Data provided:
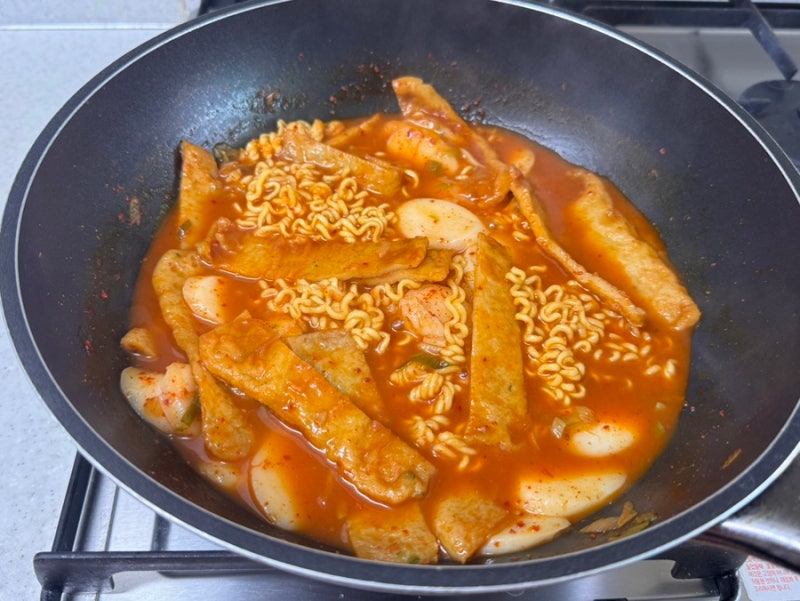 어남선생 류수영의 분식집 라볶이 떡볶이 레시피 매운진라면 냉동 떡국떡 활용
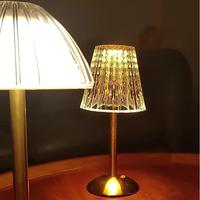 Lámpara De Seta Lámpara de mesa LED con punta de moda con diseño recargable para decoración de restaurante interior al aire libre Lámpara de mesa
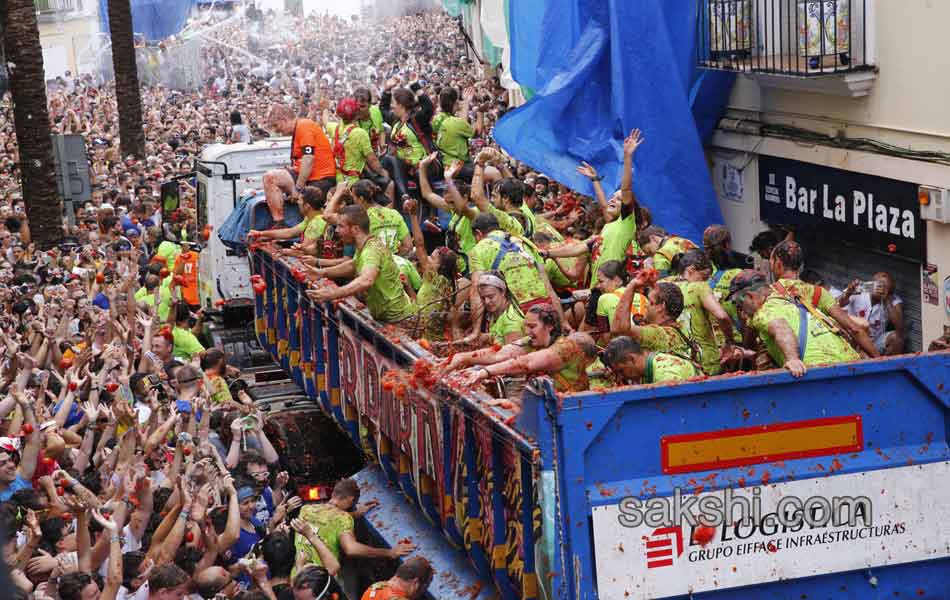 tomatina festival kicks off in spain18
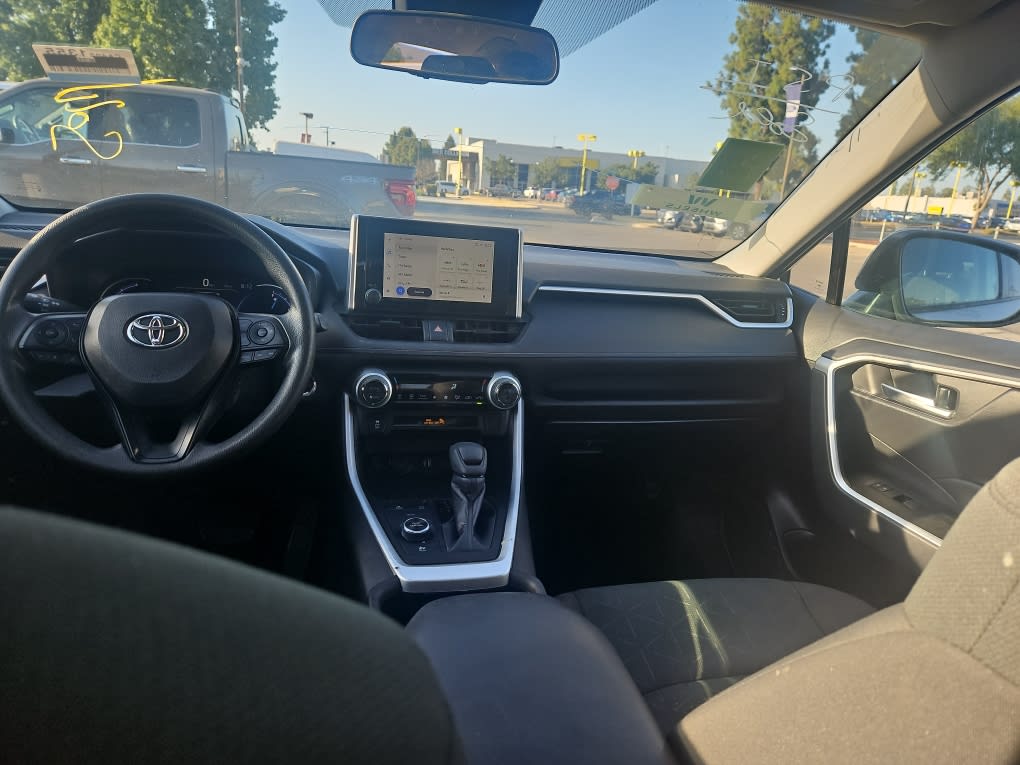 Thumbnail: 2023 Toyota RAV4 - 7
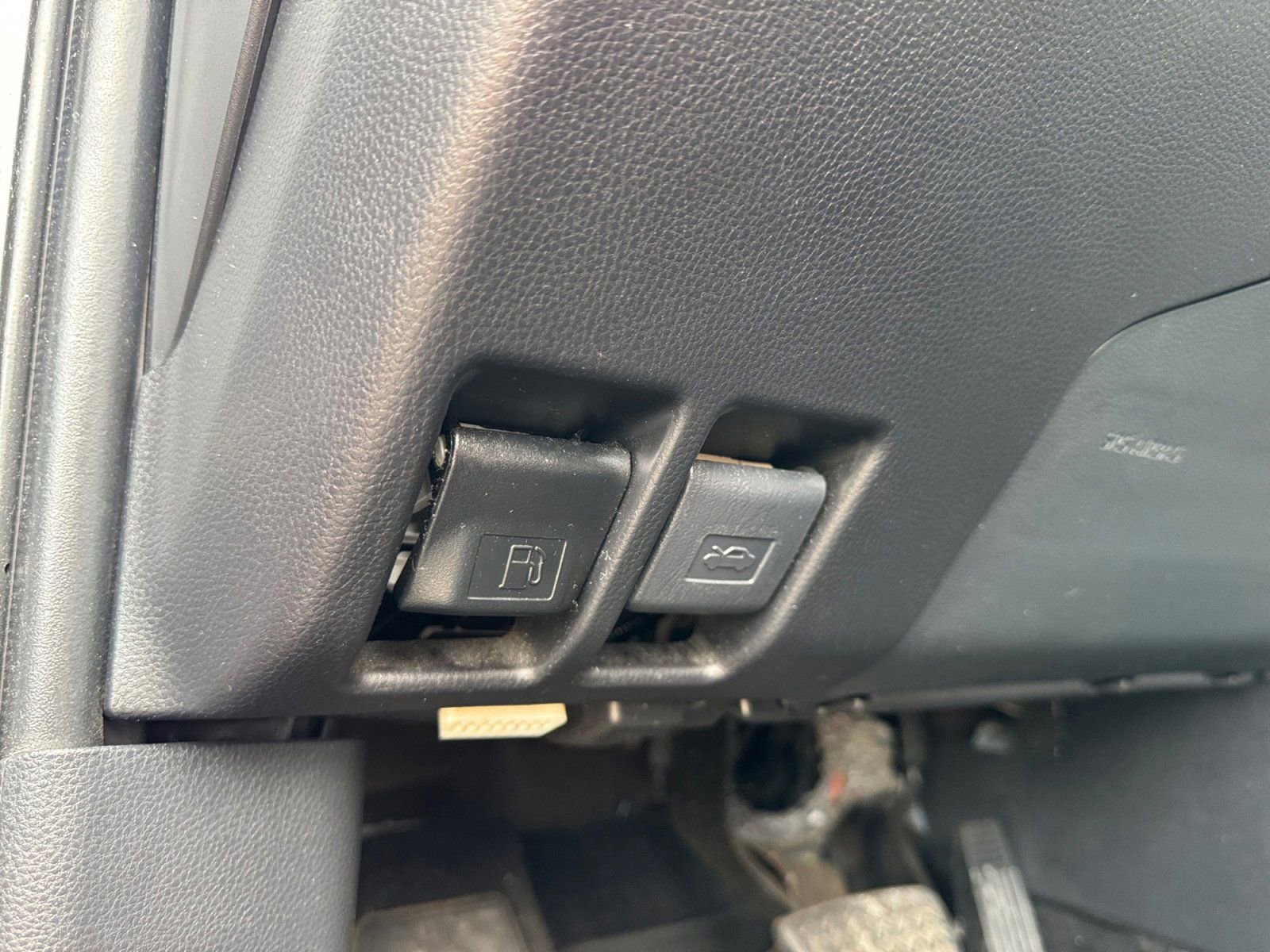 Used 2021 Toyota RAV4 XLE FWD image 20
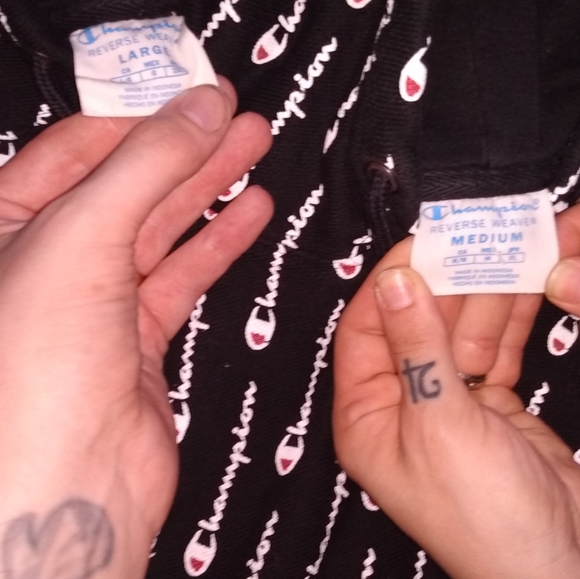 2 Champion hoodies - Picture 2 of 2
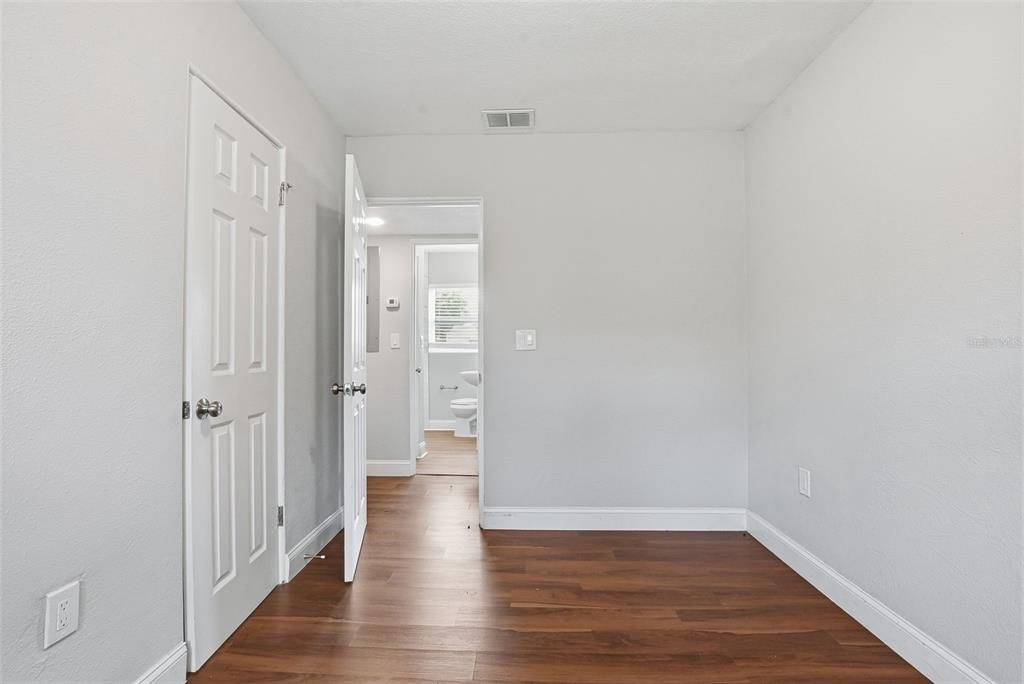 For Sale: $270,500 (3 beds, 2 baths, 1381 Square Feet)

Prompt:
Reproduce only the lines from the first line of the entries through the line containing "Used 2021 Toyota RAV4 XLE FWD image 20", exactly and with both ends kept. Omit the pictures.

Exercise output:
 어남선생 류수영의 분식집 라볶이 떡볶이 레시피 매운진라면 냉동 떡국떡 활용
 Lámpara De Seta Lámpara de mesa LED con punta de moda con diseño recargable para decoración de restaurante interior al aire libre Lámpara de mesa
 tomatina festival kicks off in spain18
 Thumbnail: 2023 Toyota RAV4 - 7
 Used 2021 Toyota RAV4 XLE FWD image 20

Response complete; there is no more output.